Weight proportion of causative factors

The mechanism of geological hazards is mainly related to the stability of the slope body. When the shear strength of the slope body is less than the shear force, landslides, collapse, debris flows and other slope-based geological hazards will occur. The shear strength of the slope body is closely related to the mechanical properties of the geotechnical body, slope, aspect, moisture content and other factors. Therefore, when these factors change in the direction of prompting the stability of the slope body to decrease, it will lead to the occurrence of geological hazards, especially when induced by rainfall and other factors. Through the above geological hazard susceptibility zoning and weighting analysis of causing factors, the geological hazard-prone areas in the study area are mainly on both sides of the river and the road. The erosion of the river on the slopes on both sides of the river destroys the physical and chemical properties of the geotechnical body, increases its water content, and reduces the shear strength of the slope, thus making it more prone to geological hazards. Secondly, with the development of human society, it is forced to carry out infrastructural construction in these gullies and ravines, such as cutting the slope to build houses and opening up mountains to build roads. These activities force the originally stable slopes to become unstable by physical means, and then geological hazards occur under the influence of river erosion and other factors. River and human activities are the most important factors, and NDVI, slope and other factors also play an important role in the occurrence of geological hazards.

Economic and environmental loss assessment

Research shows that land use and GDP indicators are very important for maintaining environmental safety and sustainable economic development (Wang et al. 2021b; Zhao et al. 2006). The more accurate the geological hazard susceptibility model is, the more reasonable the zoning will be, and the lower the economic loss and treatment cost will be. HMC and loss rates (expressed as GDP/HMC in this article) can be used as objective indicators to assess the extent of damage. (Yum et al. 2020). The calculation method has been explained in previous articles (Chen et al. 2023).

Economic and loss rate indicators of models constructed with different buffer distances (Table 5) show that FR-RF-1000m HMC and GDP loss ratio is lower than other models, and the economic benefits are better (only worse than RF-100m and FR-RF-500m). FR-RF-1000m is the model with the highest prediction degree in the study area. Compared with other models, the governance cost of FR-RF-1000m decreases by 3.55% on average, which indicates that the RF model can effectively reduce the cost of hazard management by using sampling outside 1000m buffer distance.

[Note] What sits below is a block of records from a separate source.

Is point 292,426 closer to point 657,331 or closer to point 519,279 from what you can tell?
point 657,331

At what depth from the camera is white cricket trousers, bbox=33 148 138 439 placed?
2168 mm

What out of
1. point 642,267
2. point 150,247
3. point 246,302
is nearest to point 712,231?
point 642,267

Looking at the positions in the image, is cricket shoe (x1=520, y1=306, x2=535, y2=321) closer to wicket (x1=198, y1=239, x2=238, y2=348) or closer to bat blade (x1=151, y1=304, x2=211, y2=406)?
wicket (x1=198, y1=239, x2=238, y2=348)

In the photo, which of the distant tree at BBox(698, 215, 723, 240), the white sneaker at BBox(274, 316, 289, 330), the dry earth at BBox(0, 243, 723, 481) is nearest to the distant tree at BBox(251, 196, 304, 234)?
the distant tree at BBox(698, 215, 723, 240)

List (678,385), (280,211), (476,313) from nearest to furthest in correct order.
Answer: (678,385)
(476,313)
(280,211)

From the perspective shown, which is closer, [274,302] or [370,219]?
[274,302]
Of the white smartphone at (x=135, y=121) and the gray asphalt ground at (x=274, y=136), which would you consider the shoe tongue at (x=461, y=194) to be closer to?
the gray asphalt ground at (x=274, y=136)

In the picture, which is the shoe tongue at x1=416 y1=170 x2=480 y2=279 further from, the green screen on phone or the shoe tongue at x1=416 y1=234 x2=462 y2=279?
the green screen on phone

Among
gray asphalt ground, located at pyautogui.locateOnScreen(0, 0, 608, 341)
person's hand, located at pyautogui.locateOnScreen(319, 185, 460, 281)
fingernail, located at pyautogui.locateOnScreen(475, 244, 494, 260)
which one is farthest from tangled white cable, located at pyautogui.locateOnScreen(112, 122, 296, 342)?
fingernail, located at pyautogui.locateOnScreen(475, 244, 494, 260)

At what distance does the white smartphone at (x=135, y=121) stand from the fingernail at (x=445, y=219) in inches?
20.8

Table 5 Economic and loss rate indexes

Conclusion

Accurate and scientific geological hazard susceptibility analysis and obtaining a scientific and reliable buffer distance index are the key steps to improve the accuracy of susceptibility zoning. This paper takes Puxian County as the research object and constructs the susceptibility model by dividing different buffer distances. Through the study, whether it is the RF or FR-RF model, the change of buffer distance will have an impact on the accuracy of the model. Therefore, buffer distance is a necessary consideration when using machine learning methods to construct highly accurate geological hazard susceptibility models. Each area should have a buffer distance that is most suitable for it. Through this study, we found that the buffer distance is too large or too small, which will lead to the sample not being “representative”, and it should be in an “intermediate value”. Through the weighting analysis of causative factors, DFR1, DFR2 and NDVI are the main factors leading to the occurrence of hazards in the study area. By comparing the economic and environmental losses, the average cost of hazard management was 3.55% higher in the other models than in the RF-1000m model. This study is of great significance to promote the sustainable development of economy and ecological environment in the geological hazard susceptibility areas and also provides scientific basis for the selection of buffer distance in the future evaluation of geological hazard susceptibility in Puxian County and the surrounding areas.